Une famille encombrante

Kennedy est le second enfant d'une fratrie de neuf enfants. Il appartient à une riche et influente famille de Boston, de souche irlandaise.

Ambassadeur à Londres à la veille de la deuxième guerre mondiale, son père, Joseph, soutient le Premier ministre britannique Neville Chamberlain dans sa politique d'apaisement avec Hitler. Winston Churchill, en arrivant au pouvoir, obtient son rappel. De retour à Washington, Joe milite parmi les partisans de l'isolationnisme qui refusent d'engager les États-Unis dans la guerre contre Hitler (parmi eux, le pilote Charles Lindbergh).

Son fils John n'en montre pas moins un réel courage dans la guerre du Pacifique. Lieutenant de vaisseau, gravement blessé, il n'en arrive pas moins à sauver son équipage après une attaque japonaise.

Après le conflit, auréolé de ses faits d'armes, il se fait élire à la Chambre des représentants puis, en 1952, devient sénateur du Massachusetts. Son autobiographie (Profiles in courage) lui vaut le Prix Pulitzer en 1957. Bon connaisseur des affaires internationales, il s'attire en 1957 les foudres du gouvernement français pour avoir déclaré que l'Algérie devait obtenir son indépendance.

Aux élections présidentielles de novembre 1960, John Fitzgerald Kennedy, candidat du parti démocrate, prône un généreux projet sous le nom de «Nouvelle Frontière» (la Frontière désignait aux États-Unis, au XIXe siècle, le front pionnier). Il met en avant également sa séduisante épouse d'origine française, Jacqueline Bouvier, enceinte de leur deuxième enfant. C'est néanmoins d'extrême justesse qu'il est élu, grâce aux tripatouillages de son père Joe et de ses amis de la Mafia.

Avec 120.000 voix d'avance sur 70 millions de suffrages exprimés, il devient le plus jeune président des États-Unis et le premier de confession catholique (notons que le vice-président Theodore Roosevelt avait quant à lui 42 ans et onze mois quant il a succédé en septembre 1901 au président McKinley, assassiné par un anarchiste).
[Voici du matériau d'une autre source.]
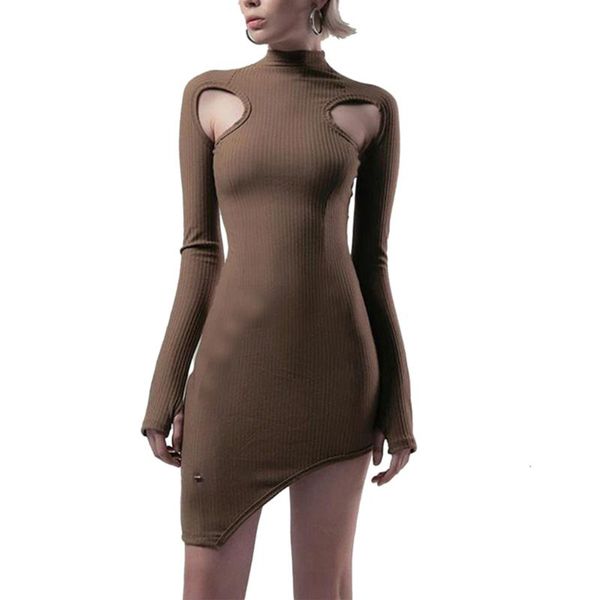 

casual dresses ladies hollow out knitted dress women long sleeve crew neck solid slim fit club party fashion elegant asymmetrical, Black;gray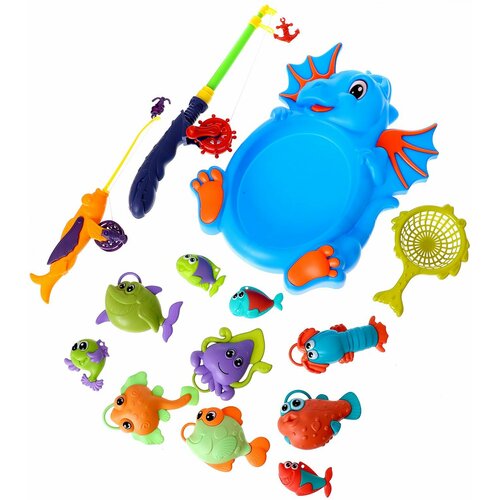 гофрокогтеточка узкая 45 х 13 х 5 см 1 шт Набор игрушек для ванны Морской дракон, рыбалка для детей, детские развивающие игрушки для купания, 10 рыбок, 2 удочки и сачок, цвета микс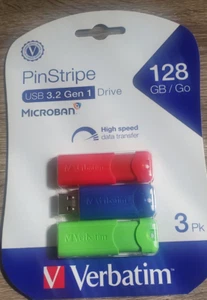 Verbatim PinStripe 128GB USB 3.2 Type-A Flash Drive Red/Green/Blue 3/Pack New! - Afbeelding 1 van 1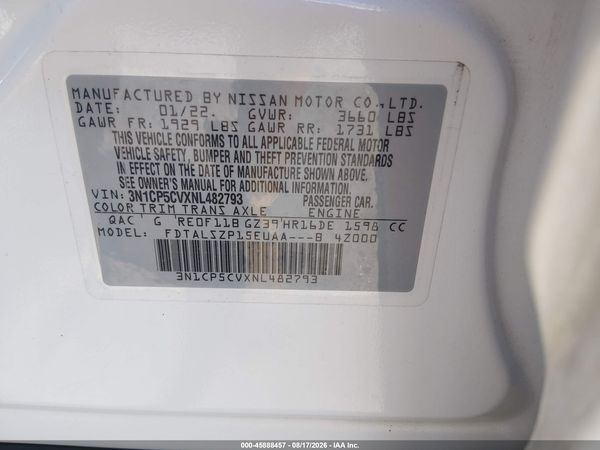 2022 NISSAN KICKS SV XTRONIC CVT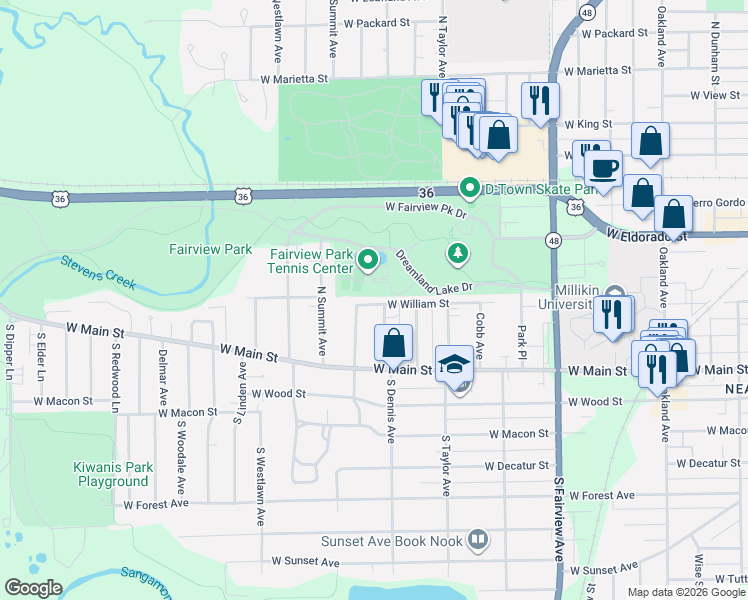 map of restaurants, bars, coffee shops, grocery stores, and more near 100-298 N Dennis Ave in Decatur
Son rival républicain, Richard Milhous Nixon, vice-président du président sortant, le général Dwight Eisenhower, se montre beau perdant mais n'en jure pas moins de prendre sa revanche. Ce sera chose faite en 1968 avec son élection à la présidence face à Hubert Horatio Humphrey.

La ségrégation raciale en ligne de mire

À l'arrivée de Kennedy à la Maison Blanche, les États-Unis, grands bénéficiaires de la défaite du nazisme, jouissent d'une insolente prospérité mais les rapports entre Blancs et Noirs s'inscrivent encore sous le régime de la ségrégation. Et le parti démocrate, très influent dans le Deep South (Sud profond), y est vivement attaché !

Le nouveau président ne prend pas parti mais confie à son jeune frère Robert le ministère de la justice avec le titre d'attorney general. À ce poste, Bob, très ouvert d'esprit, encourage discrètement les volontaires qui, dans tout le pays, luttent contre la ségrégation en multipliant les «sit in» : Blancs et Noirs mélangés s'attablent par exemple dans un restaurant ségrégationniste le temps qu'il faut pour que le patron se résigne à les servir... ou prenne le risque d'appeler la police (immédiatement suivie de la télévision).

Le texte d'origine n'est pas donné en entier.